As this Court has observed previously, these changes have generated a tremendous amount of litigation as courts have attempted to interpret their meaning. While several different schools of thought have developed, the Eighth Circuit Bankruptcy Appellate Panel in its recent decision in Coop v. Frederickson, 375 B.R. 829 (8th Cir. BAP 2007) adopted the position that the calculation resulting from the completion of Form 22C is dispositive for above-median debtors. In Frederickson, the Bankruptcy Appellate Panel adopted what it called the "plain meaning" approach holding that Form 22C controls the determination of projected disposable income. In so doing, it rejected the notion that the court should look at the actual or anticipated (rather than historical) income or the actual (rather than objective) expenses of the debtor. The Frederickson case involved debtors who had the capacity to pay more than Form 22C required, but who were, according to the Bankruptcy Appellate Panel's determination, not required to do so in order to confirm their plan. The converse situation was considered by Judge Federman in In re Riding, 377 B.R. 239 (Bankr.W.D.Mo.2007). In that case, the debtor's Form 22C calculation required them to make a payment to unsecured creditors pursuant to the plan that their Schedules I and J indicated that they could not afford to make. The court held that the Frederickson holding was nonetheless applicable, the Form 22C calculation was dispositive and that if debtors were unable to make that payment, the plan was unconfirmable. As this Court has indicated before, the result in Riding is the logical consequence of the holding in Frederickson, applied to a different factual situation. It is this application of the interpretation of the disposable income requirement in Frederickson to which the Debtors in this case object.

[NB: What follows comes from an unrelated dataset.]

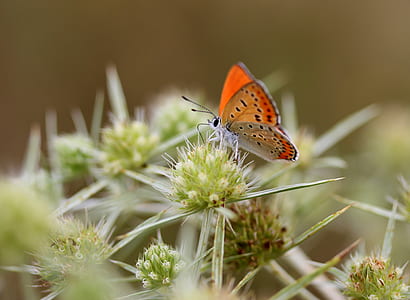 orange butterfly perching flower thumbnail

B. Projected Disposable Income and Equal Protection
1. Debtors' Constitutional Argument

Debtors contend that the disposable income requirement contained in § 1325(b) as interpreted by the Bankruptcy Appellate Panel in Frederickson and applied in Riding results in impermissible discrimination in violation of the equal protection requirement of the due process clause of the Fifth Amendment of the United States Constitution. Debtors' argument is premised first upon the assertion that the statutory...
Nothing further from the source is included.